Notable things include:

  • We will work out a reduction in interest with our foreign creditors, making it equivalent to the rate of interest they charge borrowers in their own countries.

  • Under a National Socialist state, the flow of money and capital abroad will only happen if approved by the state German Foreign Bank (Foreign Currency Office). The German Foreign Bank will coordinate all foreign currency and other valuables within the German banking system. National Socialism will insure that the bleeding dry of the German economy will cease. These measures will contribute to ending the existing system of starvation.

That should give you an idea of some of their economic policies. What about healthcare?

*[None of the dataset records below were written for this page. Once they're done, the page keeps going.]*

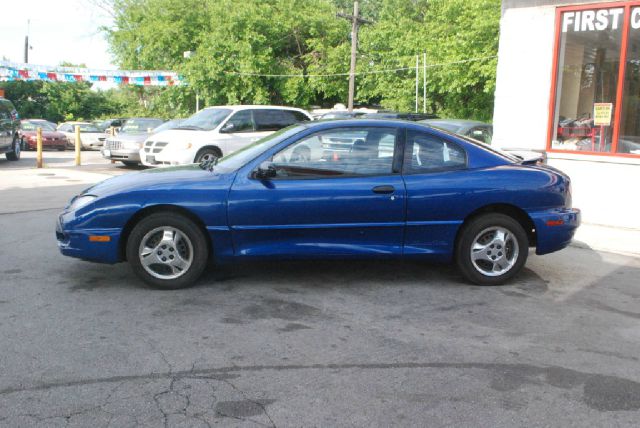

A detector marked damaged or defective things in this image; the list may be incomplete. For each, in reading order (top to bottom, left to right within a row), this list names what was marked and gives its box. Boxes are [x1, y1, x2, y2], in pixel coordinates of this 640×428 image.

cracked pavement [1, 163, 640, 424] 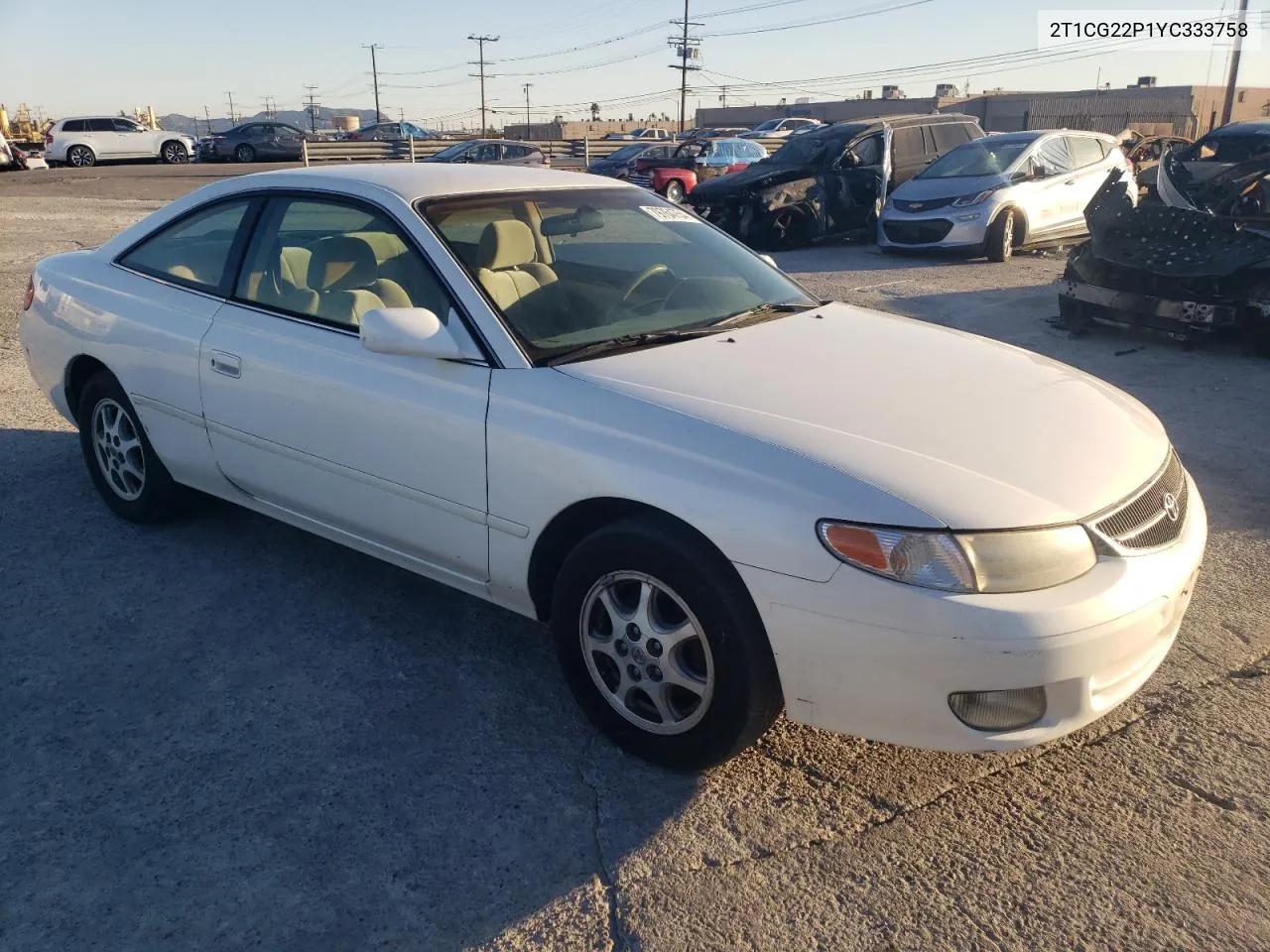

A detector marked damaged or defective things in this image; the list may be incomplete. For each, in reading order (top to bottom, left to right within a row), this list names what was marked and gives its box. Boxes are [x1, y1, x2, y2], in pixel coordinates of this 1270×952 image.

damaged chevrolet bolt [691, 112, 988, 249]
wrecked black car [691, 114, 988, 249]
wrecked black car [1064, 155, 1270, 355]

One of the first Nazi laws, passed July 14, 1933, was the “Law for the Prevention of Progeny of Hereditary Disease,” intended to “consolidate” social and health policies in the German population and prohibit the right of reproduction for persons defined as “genetically inferior.” After 1933, the connection between the theory and practice of politicized medicine advocated by many in Weimar Germany became actual in Nazi Germany.

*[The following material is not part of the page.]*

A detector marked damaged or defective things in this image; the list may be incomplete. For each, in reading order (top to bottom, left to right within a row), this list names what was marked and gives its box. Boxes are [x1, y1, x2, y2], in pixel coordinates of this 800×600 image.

Source: http://www.fee.org/the_freeman/detail/national-health-care-medicine-in-germany-1918-1945#axzz2urAQbrk9

Nazis in general continued with a universal healthcare system advocated by Bismarck at least 50 years earlier (I think it was 60-70, or so). Hospitals and doctors, while working without goal of profit, work in a society that is supposed to attempt to insure everyone, and it remains a multi-payer model, so it's not the same as the universal model we see in countries like the UK today.

On education:

Very nationalistic, and the Nazis had great support from teachers (especially non-Jewish ones, of course). They also had great clout amongst them, but generally education was simply approached the same way as previously, just with increased nationalism (though it had already been pretty nationalistic) and with increased focus on biological superiority.

That's about all I really can talk on, but that should give you an idea!